How severe does this issue affect your experience of using Ray?
High: It blocks me to complete my task.
I am using Ray 2.2.0. I have two questions:
Is there an easy way to get some logs out of the autoscaler? Specifically debug logs from resource_demand_scheduler. I started a cluster with ray up, then attached and manually edited the monitor.py file for autoscaler to have default --logging-level of debug. That was a bit cumbersome.
On an AWS cluster with multiple node types I am stuck in an endless loop of trying and failing to schedule nodes of the same type. It looks to me like NodeAvailabilityRecord.is_available isn’t even being read anywhere, so it’s no surprise that the autoscaler can’t react to the node type not being available. Is this correct?
Digging a bit deeper, it seems like a custom utilization scorer which actually leverages the node_availability_summary would be able to downweight node types which have failed to schedule recently?
If anyone else runs into the same issue and wants a resolution, the code above along with something like the following in your cluster_config.yaml should do the trick.
head_start_ray_commands:
- ray stop
- ulimit -n 65536; env RAY_AUTOSCALER_UTILIZATION_SCORER=library.module.with.utilization_scorer ray start --head --port=6379 --object-manager-port=8076 --autoscaling-config=~/ray_bootstrap_config.yaml --dashboard-host=0.0.0.0
The result, when I gave the cluster some tasks to run, looked like
(scheduler +7s) Failed to launch 2 node(s) of type ray_worker_1. (InsufficientInstanceCapacity): There is no Spot capacity available that matches your request.
(scheduler +12s) Failed to launch 2 node(s) of type ray_worker_2. (InsufficientInstanceCapacity): There is no Spot capacity available that matches your request.
(scheduler +17s) Failed to launch 2 node(s) of type ray_worker_3. (SpotMaxPriceTooLow): Your Spot request price of X is lower than the minimum required Spot request fulfillment price of Y.
(scheduler +22s) Adding 2 node(s) of type ray_worker_4.

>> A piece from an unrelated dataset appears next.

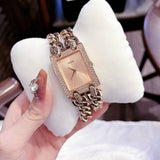 Buy Shop Guess Mod Heavy Metal Diamonds Rose Gold Dial Rose Gold Steel Strap Watch for Women - W0072L3 USA Online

Presumably the node types which failed will be tried again, after the ttl of their status is over. This is controlled by AUTOSCALER_NODE_AVAILABILITY_MAX_STALENESS_S which defaults to 30 minutes (please correct me if I am wrong).
Now I’d like to get the autoscaler to attempt to schedule partial requests. That is, if I have max_workers as 5, I want it to try to schedule one at a time for a given node type rather than 5 directly, in case only some capacity is available.